Types of Technical Debt
Is Technical Debt Bad?
How Does Tech Debt Impact Your Organization?
How To Measure Tech Debt
How to Manage Tech Debt in 9 Steps
What Are the Benefits of Managing Tech Debt?
What is Technical Debt?
One of the most common forms of technology risk, technical debt, or tech debt, commonly refers to the implied cost of additional rework caused by choosing an easy solution now instead of using a better approach that would take longer. Definitions can vary because the term has evolved over time.
No matter how you define it, tech debt, like other forms of debt, accrues "interest" in the form of cost, inefficiency, risk, and customer dissatisfaction. Any failure to address tech debt will result in the growth of this interest, potentially exponentially. For example, not dealing with a quick fix for software could tie up significant resources with future troubleshooting or system upgrades.
It is, therefore, essential that you identify, measure, and manage tech debt.
Technical Debt: A Basic Definition
Technical debt is essentially work required on a technological solution that is delayed because of other priorities. It occurs when organizations choose not to fix issues straight away for short-term gain—but it can affect long-term quality.
An Academic Definition of Technical Debt
The research paper Towards an Ontology of Terms on Technical Debt says that technical debt is "a term that has been used to describe the increased cost of changing or maintaining a system due to shortcuts taken during its development."
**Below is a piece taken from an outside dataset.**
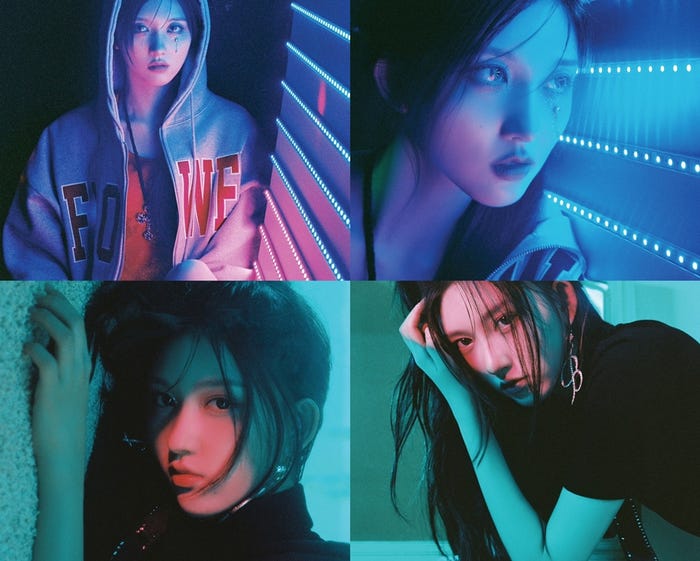 ガウル(提供写真)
In the early days, tech debt had a narrow definition. Ward Cunningham determined that "Technical debt arose because software developers made a conscious decision to cut corners when they were writing software." This decision may have been deemed necessary at the time, but it came at a cost because the software could have been built better, and there was a gap between what was delivered and what could have been achieved. This gap, called 'tech debt,' was the cost of future reworking needed to fix the software.
Over the years, the definition of tech debt has become broader, and today, the term has evolved to include a much wider range of system deviations. Some may even say that tech debt is any gap between what a system delivers and what is wanted!
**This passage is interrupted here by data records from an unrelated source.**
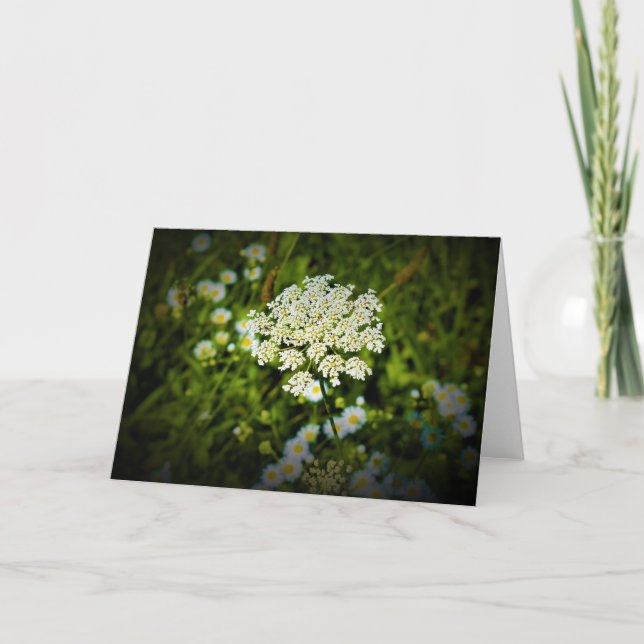 Queen Anne’s Lace, card (Front)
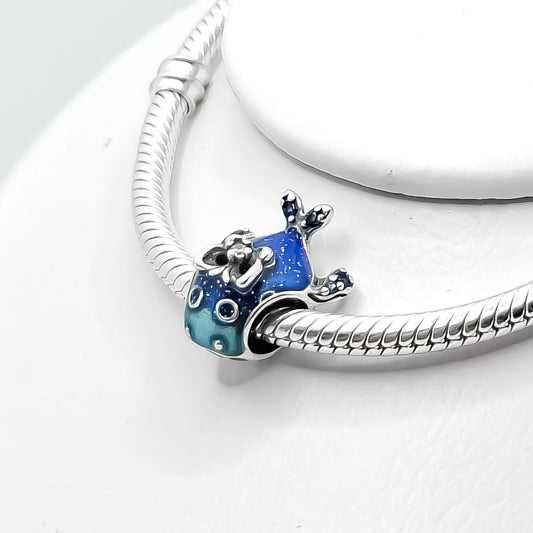 Charm Ballena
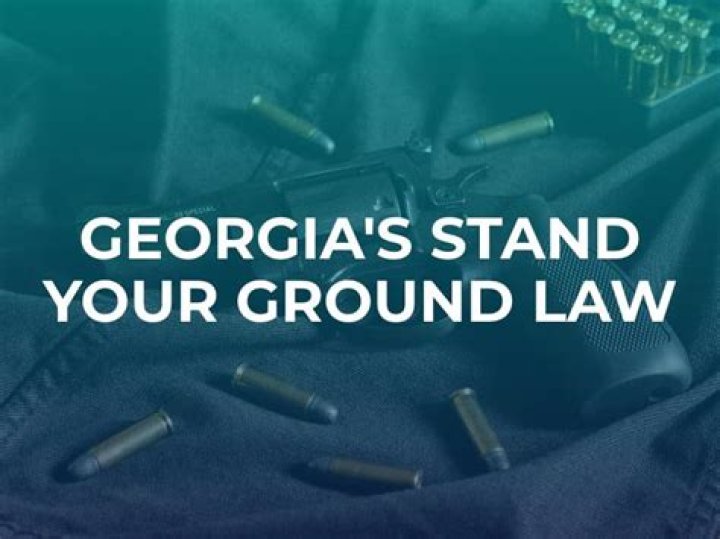 Stand Your Ground Law Gets Lawsuit Against Saban's Daughter Dismissed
Gartner succinctly states that "Technical debt can be summarized as the future liabilities and risks that are created by suboptimal decisions, natural entropy of systems, out-of-date dependent components, new security and vulnerability threats, and changed or new requirements."
Why Does Tech Debt Occur?
Tech debt can occur for a number of reasons, either deliberate or inadvertent. Deliberate technical debt can result from shortcuts taken in software development or implementation to speed up delivery. Inadvertent tech debt may occur because standards have changed or an organization has learned something new compared to when the solution was first developed.
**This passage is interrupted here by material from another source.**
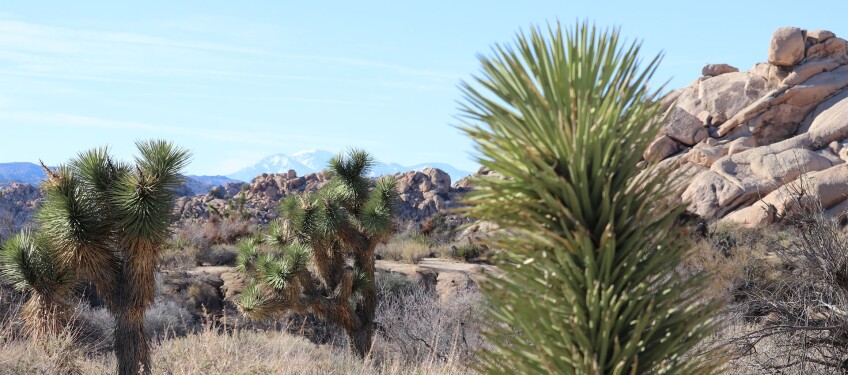 The landscape near Barker Dam in Joshua Tree | Liz Warner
For example, an organization might deliberately cut corners to pursue first-mover advantages in implementing a technical solution, onboarding debt in the short term, and planning remediation in the longer term.
The reasons for technical debt may include:
Business Strategy
- Lack of understanding of the business strategy.
- Poor alignment between the business strategy and IT.
- Insufficient funding to support the business strategy.
- Excessive complexity in products, processes, or applications.
IT Environment
- Changing or evolving requirements, common during transformation projects, can lead to short-term and non-optimal solutions.
- Time pressure can lead to shortcuts or the implementation of quick fixes to meet deadlines, typically sacrificing best practices.
- Lack of resources, such as time, budget, or expertise, can compromise solution quality and architectural decisions.
- Limited knowledge or inexperienced specialists may make suboptimal design choices.
- Technical constraints imposed by existing systems or frameworks can force architects to make trade-offs that prioritize functionality over long-term maintainability or scalability.
Types of Technical Debt
The previously mentioned research paper Towards an Ontology of Terms on Technical Debt proposes fourteen categories of technical debt in order to create a formalized, agreed understanding. Although these are key types of tech debt, this list is not exhaustive.
- Architecture Debt: Problems encountered in project architecture that can affect architectural requirements such as performance or robustness.
- Build Debt: Build-related issues that make the process of building more difficult and require more time and resources.
- Code Debt: Problems found in the source code that make it less understandable and difficult to maintain.
- Defect Debt: Defects in the code that, although identified, have not been prioritized for fixing.
- Design Debt: Debt discovered in code that does not follow the principles of good object-oriented design.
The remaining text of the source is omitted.